--- Task prompt ---
Output must consist only of the lines of the material below from the one with "gardening gloves of" through the one with "Console d'entrée en", each reproduced exactly; no pictures belong in it.

--- Records for processing ---
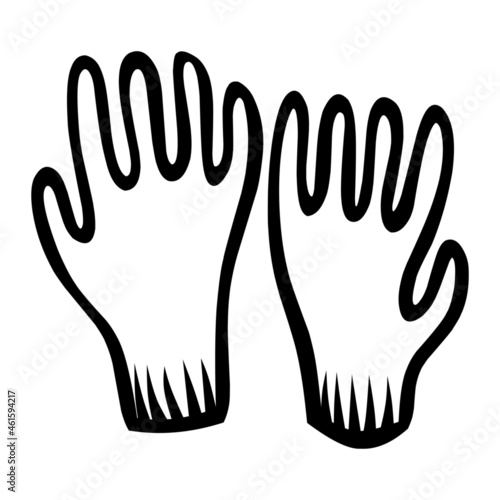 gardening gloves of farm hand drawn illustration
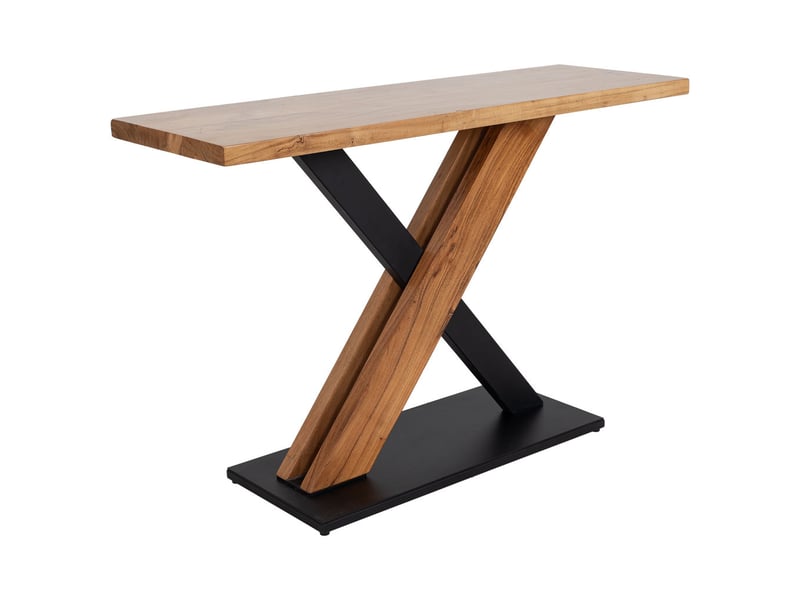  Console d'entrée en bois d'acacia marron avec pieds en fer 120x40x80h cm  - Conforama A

...

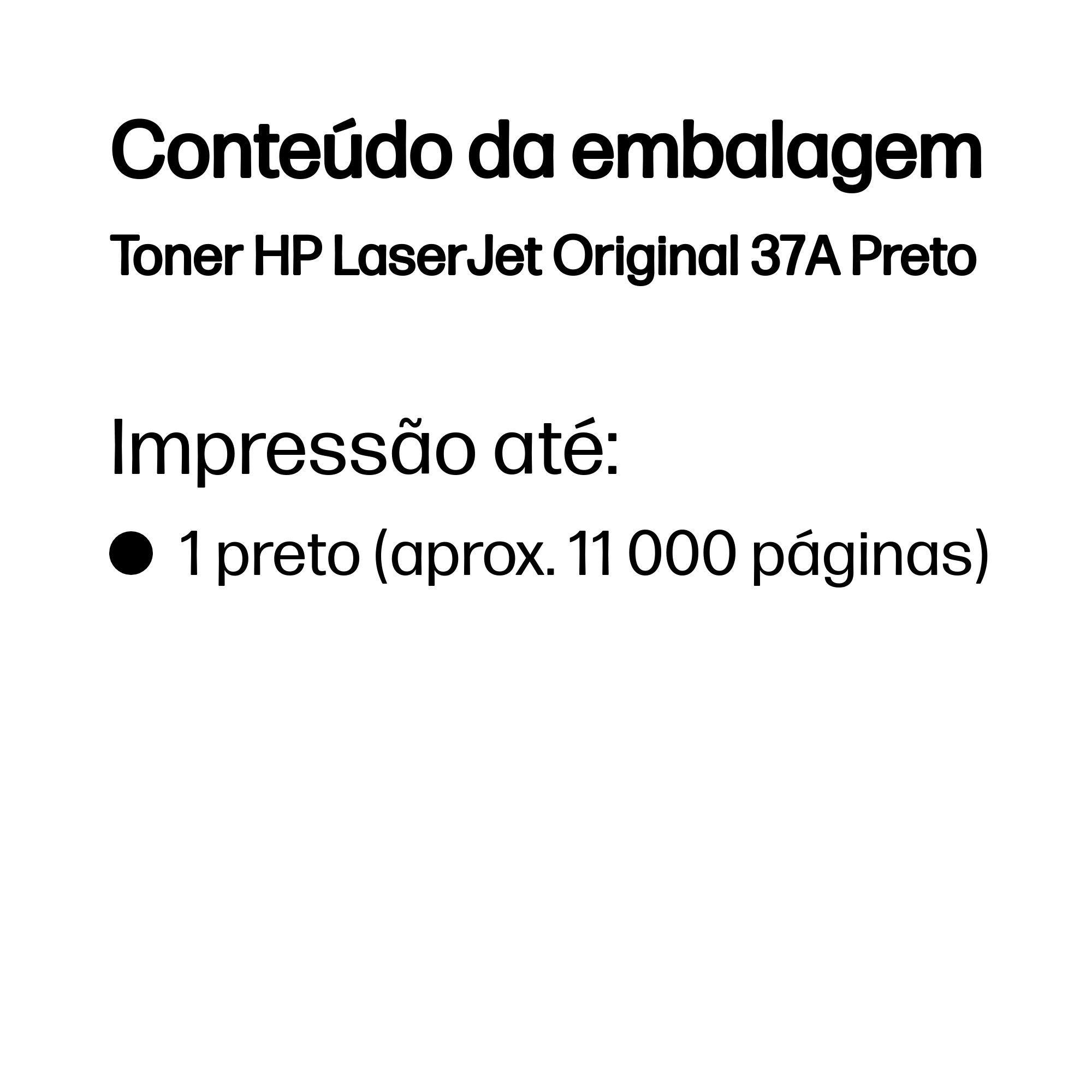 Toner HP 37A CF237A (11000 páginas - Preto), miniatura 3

--- Answer below ---
 gardening gloves of farm hand drawn illustration
  Console d'entrée en bois d'acacia marron avec pieds en fer 120x40x80h cm  - Conforama A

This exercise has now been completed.